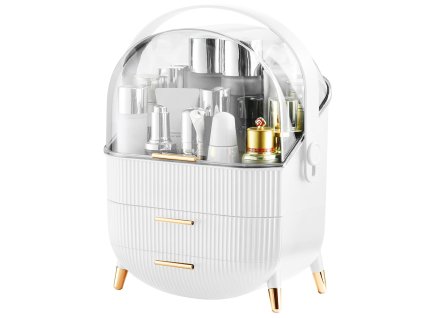 organizer na kozmetiku a sperky da118 1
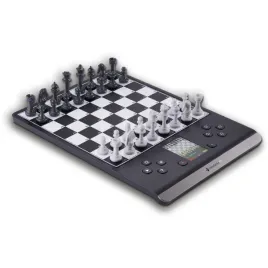 millennium-chess-genius-pro-2024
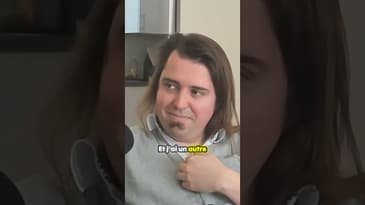 Une aventure familiale inattendue et hilarante !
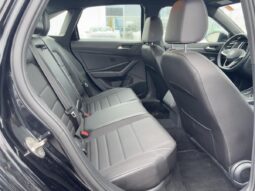 
										2022 Volkswagen Jetta Comfortline 1.5 T full									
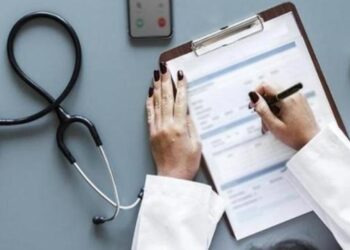 Aile hekimlerinden alınan bazı sağlık raporları ücretli olacak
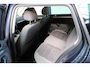 Volkswagen Golf Variant 1.4 TSI Comfortline Business Automaat > Export <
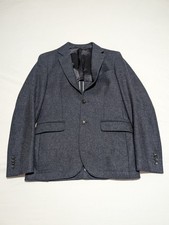 TM Lewin Moon Jermyn St London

# WHAT YOU WILL DO
Once the pictures are set aside, give the rest of the material again unchanged.

# EXERCISE SOLUTION
 organizer na kozmetiku a sperky da118 1
 millennium-chess-genius-pro-2024
 Une aventure familiale inattendue et hilarante !
										2022 Volkswagen Jetta Comfortline 1.5 T full									
 Aile hekimlerinden alınan bazı sağlık raporları ücretli olacak
 Volkswagen Golf Variant 1.4 TSI Comfortline Business Automaat > Export <
 TM Lewin Moon Jermyn St London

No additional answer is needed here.